Le vieux cousin Jean et son village près de l’étang de Thau. Je l’attends presque chaque jour de mes vacances. Il passe avec son vélo près de l’Esplanade, le béret incliné toujours sur la gauche, il me cherche, je suis cachée derrière un banc, je surgis, nous rions aux éclats, je monte sur la barre, nous nous embrassons et nous partons pour un grand tour du village ou un tour dans la garrigue. Nous nous arrêtons pour cueillir des mûres ou des pommettes à la bonne saison. Occasion de récits, d’histoire du village, de la famille, des voisins, de la guerre pas si lointaine. Quand il est mort subitement, le village n’était plus le même.

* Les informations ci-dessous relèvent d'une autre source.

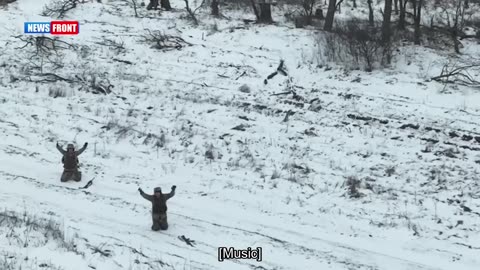 🇺🇦Two Ukrainians are trying to surrender, but...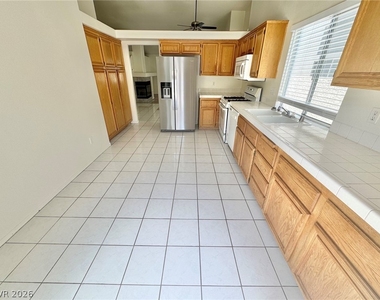 8133 W Rochelle Avenue - Photo Thumbnail 3
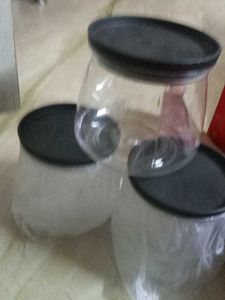 3 Sir Tight Container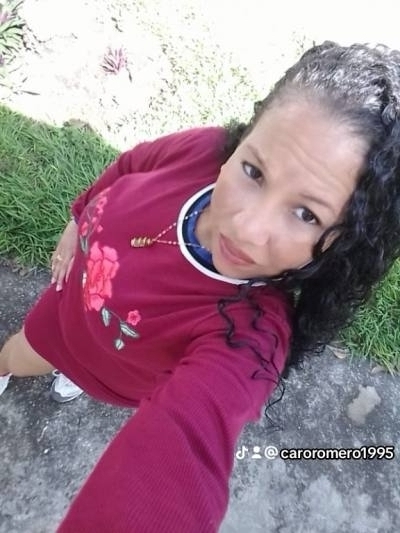 Johalis 29 años La Guaira Venezuela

Mademoiselle Granier de l’école de piano J. S. Bach, dans toutes ses rondeurs de chair et de voix, accueille avec fermeté ses élèves tremblants pour la dernière mise au point de l’interprétation musicale présentée au théâtre place de la Comédie. Elle papillonne, tapote les épaules, redresse les têtes, inspecte les tenues vestimentaires, les chaussures, vérifie les partitions, halète, avance, recule singeant une fugue de Bach. Je porte une robe blanche brodée par ma grand-mère, de petites coccinelles animées à chaque mouvement, je suis fière de ma tenue mais je ressens une peur panique à me retrouver sur scène devant un piano assise à côté de Mademoiselle qui vient de me pincer le bras pour stopper les tremblements. Elle me dit — seule la musique compte, ne l’oublie pas, ne regarde pas la salle. Après je ne sais plus, tout enfoui, les coccinelles ont tout mangé.
Ah oui plus tard sera chanté (dans un autre registre) « tout pour la musique » – oui…
Merci Piero de ton passage, musical bien sûr
plaisir de te retrouver
Merci pour votre texte, inspirant, déculpabilisant ! Là, il est prouvé qu’il existe quelque part dans les territoires de l’enfance des sens communs que nous avons parfois bien oubliés. C’est l’art du maître de notre atelier que de creuser tout cela; comme si je connaissais moi-aussi Mademoiselle Ricin, Mademoiselle Granier et le cousin Jean. En fait, j’admets que les ai bien connus.
merci Alain de votre écho.
Voir surgir ces vieilles rencontres, comme les découvrir à nouveau et se sentir toute petite.